TASK INSTRUCTIONS: Only the lines from the one containing "Honda Forza 2026" through the last line below belong in your copy; transcribe them exactly and omit any pictures.

Caption-style text data:
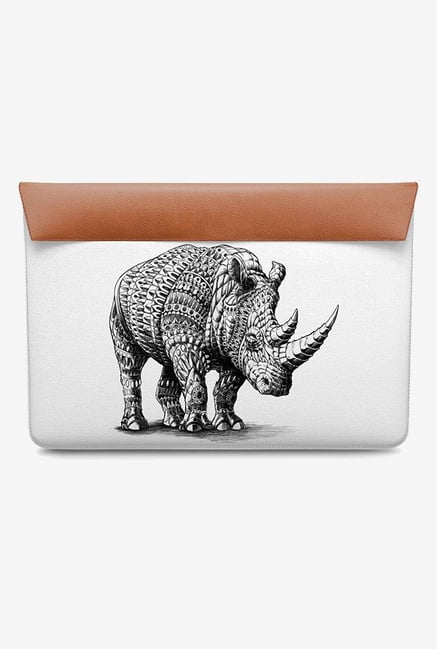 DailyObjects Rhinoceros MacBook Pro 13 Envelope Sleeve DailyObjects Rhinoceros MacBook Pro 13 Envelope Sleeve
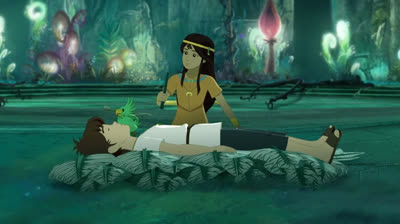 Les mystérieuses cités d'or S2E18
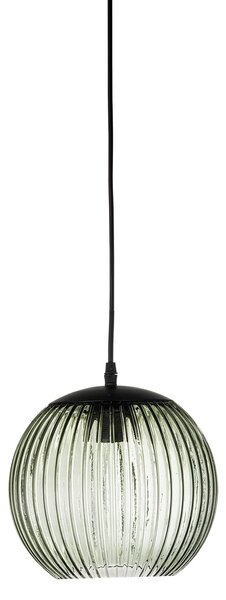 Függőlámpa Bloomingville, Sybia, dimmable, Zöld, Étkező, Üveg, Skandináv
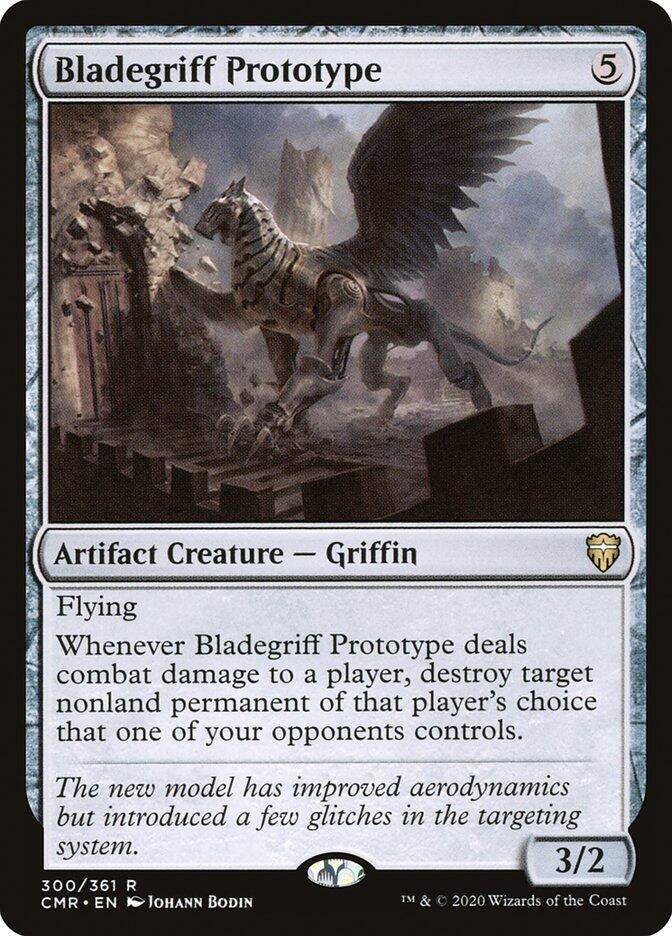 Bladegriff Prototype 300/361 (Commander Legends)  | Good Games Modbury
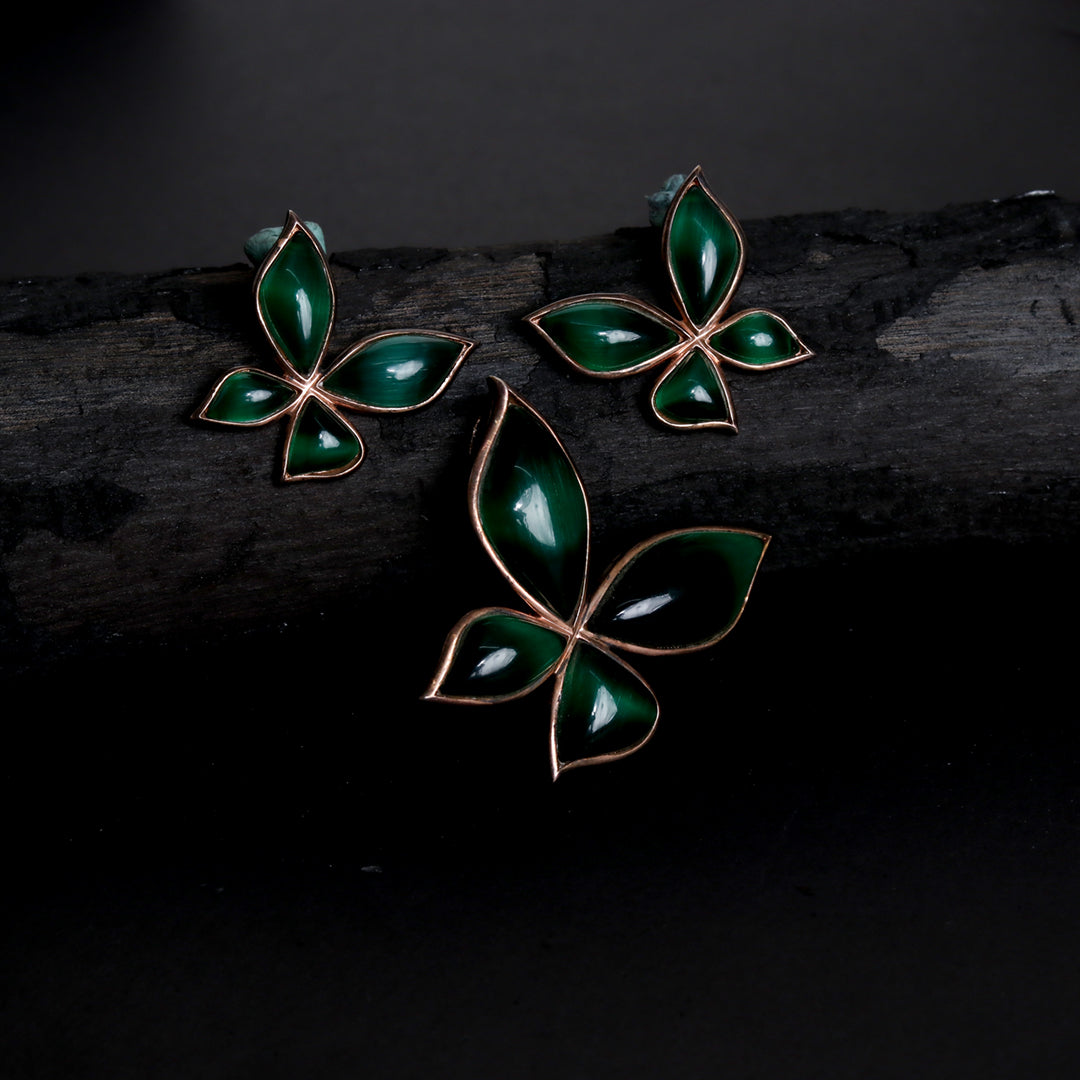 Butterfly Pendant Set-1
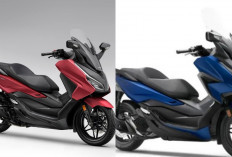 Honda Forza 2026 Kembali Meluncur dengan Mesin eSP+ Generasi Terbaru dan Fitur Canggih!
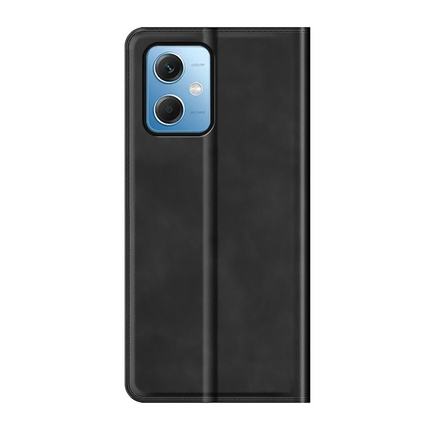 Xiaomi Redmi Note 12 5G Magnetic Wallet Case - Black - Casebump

TASK SOLUTION:
 Honda Forza 2026 Kembali Meluncur dengan Mesin eSP+ Generasi Terbaru dan Fitur Canggih!
 Xiaomi Redmi Note 12 5G Magnetic Wallet Case - Black - Casebump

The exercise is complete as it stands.